#### Task prompt
Produce a verbatim copy of the entries listed below.

[Crawled caption data]
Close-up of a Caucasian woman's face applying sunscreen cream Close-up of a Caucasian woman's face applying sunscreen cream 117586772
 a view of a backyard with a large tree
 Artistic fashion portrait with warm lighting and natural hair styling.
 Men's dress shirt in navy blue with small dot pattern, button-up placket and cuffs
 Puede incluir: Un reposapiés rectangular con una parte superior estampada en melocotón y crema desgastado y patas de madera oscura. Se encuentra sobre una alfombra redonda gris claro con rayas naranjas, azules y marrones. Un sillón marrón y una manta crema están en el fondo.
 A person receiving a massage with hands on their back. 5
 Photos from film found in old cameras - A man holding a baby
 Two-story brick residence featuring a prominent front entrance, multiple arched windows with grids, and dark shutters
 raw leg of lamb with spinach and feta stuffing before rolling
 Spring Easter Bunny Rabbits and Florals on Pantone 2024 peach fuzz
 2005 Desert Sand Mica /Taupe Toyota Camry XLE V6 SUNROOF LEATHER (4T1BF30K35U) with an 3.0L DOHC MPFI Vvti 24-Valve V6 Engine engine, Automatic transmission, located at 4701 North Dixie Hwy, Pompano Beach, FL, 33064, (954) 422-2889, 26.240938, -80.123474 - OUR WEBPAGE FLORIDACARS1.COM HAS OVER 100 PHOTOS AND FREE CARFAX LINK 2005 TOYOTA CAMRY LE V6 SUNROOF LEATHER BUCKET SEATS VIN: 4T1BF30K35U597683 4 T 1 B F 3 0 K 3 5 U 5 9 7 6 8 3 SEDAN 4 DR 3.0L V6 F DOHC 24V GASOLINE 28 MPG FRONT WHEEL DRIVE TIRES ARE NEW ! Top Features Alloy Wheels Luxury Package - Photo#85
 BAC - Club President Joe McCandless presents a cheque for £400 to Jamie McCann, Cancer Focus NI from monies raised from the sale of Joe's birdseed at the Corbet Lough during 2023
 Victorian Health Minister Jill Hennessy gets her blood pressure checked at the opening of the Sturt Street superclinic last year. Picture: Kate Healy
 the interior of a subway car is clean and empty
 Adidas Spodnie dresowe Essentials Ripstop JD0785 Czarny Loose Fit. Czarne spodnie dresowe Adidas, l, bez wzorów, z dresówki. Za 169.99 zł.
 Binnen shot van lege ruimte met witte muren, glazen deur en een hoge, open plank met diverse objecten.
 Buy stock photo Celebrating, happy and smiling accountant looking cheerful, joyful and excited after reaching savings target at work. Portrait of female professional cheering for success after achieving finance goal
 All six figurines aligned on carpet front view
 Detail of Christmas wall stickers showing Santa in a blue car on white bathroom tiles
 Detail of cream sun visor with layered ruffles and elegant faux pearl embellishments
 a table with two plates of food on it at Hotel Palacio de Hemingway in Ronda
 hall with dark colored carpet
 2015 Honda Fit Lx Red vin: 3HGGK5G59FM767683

#### Solution below
Close-up of a Caucasian woman's face applying sunscreen cream Close-up of a Caucasian woman's face applying sunscreen cream 117586772
 a view of a backyard with a large tree
 Artistic fashion portrait with warm lighting and natural hair styling.
 Men's dress shirt in navy blue with small dot pattern, button-up placket and cuffs
 Puede incluir: Un reposapiés rectangular con una parte superior estampada en melocotón y crema desgastado y patas de madera oscura. Se encuentra sobre una alfombra redonda gris claro con rayas naranjas, azules y marrones. Un sillón marrón y una manta crema están en el fondo.
 A person receiving a massage with hands on their back. 5
 Photos from film found in old cameras - A man holding a baby
 Two-story brick residence featuring a prominent front entrance, multiple arched windows with grids, and dark shutters
 raw leg of lamb with spinach and feta stuffing before rolling
 Spring Easter Bunny Rabbits and Florals on Pantone 2024 peach fuzz
 2005 Desert Sand Mica /Taupe Toyota Camry XLE V6 SUNROOF LEATHER (4T1BF30K35U) with an 3.0L DOHC MPFI Vvti 24-Valve V6 Engine engine, Automatic transmission, located at 4701 North Dixie Hwy, Pompano Beach, FL, 33064, (954) 422-2889, 26.240938, -80.123474 - OUR WEBPAGE FLORIDACARS1.COM HAS OVER 100 PHOTOS AND FREE CARFAX LINK 2005 TOYOTA CAMRY LE V6 SUNROOF LEATHER BUCKET SEATS VIN: 4T1BF30K35U597683 4 T 1 B F 3 0 K 3 5 U 5 9 7 6 8 3 SEDAN 4 DR 3.0L V6 F DOHC 24V GASOLINE 28 MPG FRONT WHEEL DRIVE TIRES ARE NEW ! Top Features Alloy Wheels Luxury Package - Photo#85
 BAC - Club President Joe McCandless presents a cheque for £400 to Jamie McCann, Cancer Focus NI from monies raised from the sale of Joe's birdseed at the Corbet Lough during 2023
 Victorian Health Minister Jill Hennessy gets her blood pressure checked at the opening of the Sturt Street superclinic last year. Picture: Kate Healy
 the interior of a subway car is clean and empty
 Adidas Spodnie dresowe Essentials Ripstop JD0785 Czarny Loose Fit. Czarne spodnie dresowe Adidas, l, bez wzorów, z dresówki. Za 169.99 zł.
 Binnen shot van lege ruimte met witte muren, glazen deur en een hoge, open plank met diverse objecten.
 Buy stock photo Celebrating, happy and smiling accountant looking cheerful, joyful and excited after reaching savings target at work. Portrait of female professional cheering for success after achieving finance goal
 All six figurines aligned on carpet front view
 Detail of Christmas wall stickers showing Santa in a blue car on white bathroom tiles
 Detail of cream sun visor with layered ruffles and elegant faux pearl embellishments
 a table with two plates of food on it at Hotel Palacio de Hemingway in Ronda
 hall with dark colored carpet
 2015 Honda Fit Lx Red vin: 3HGGK5G59FM767683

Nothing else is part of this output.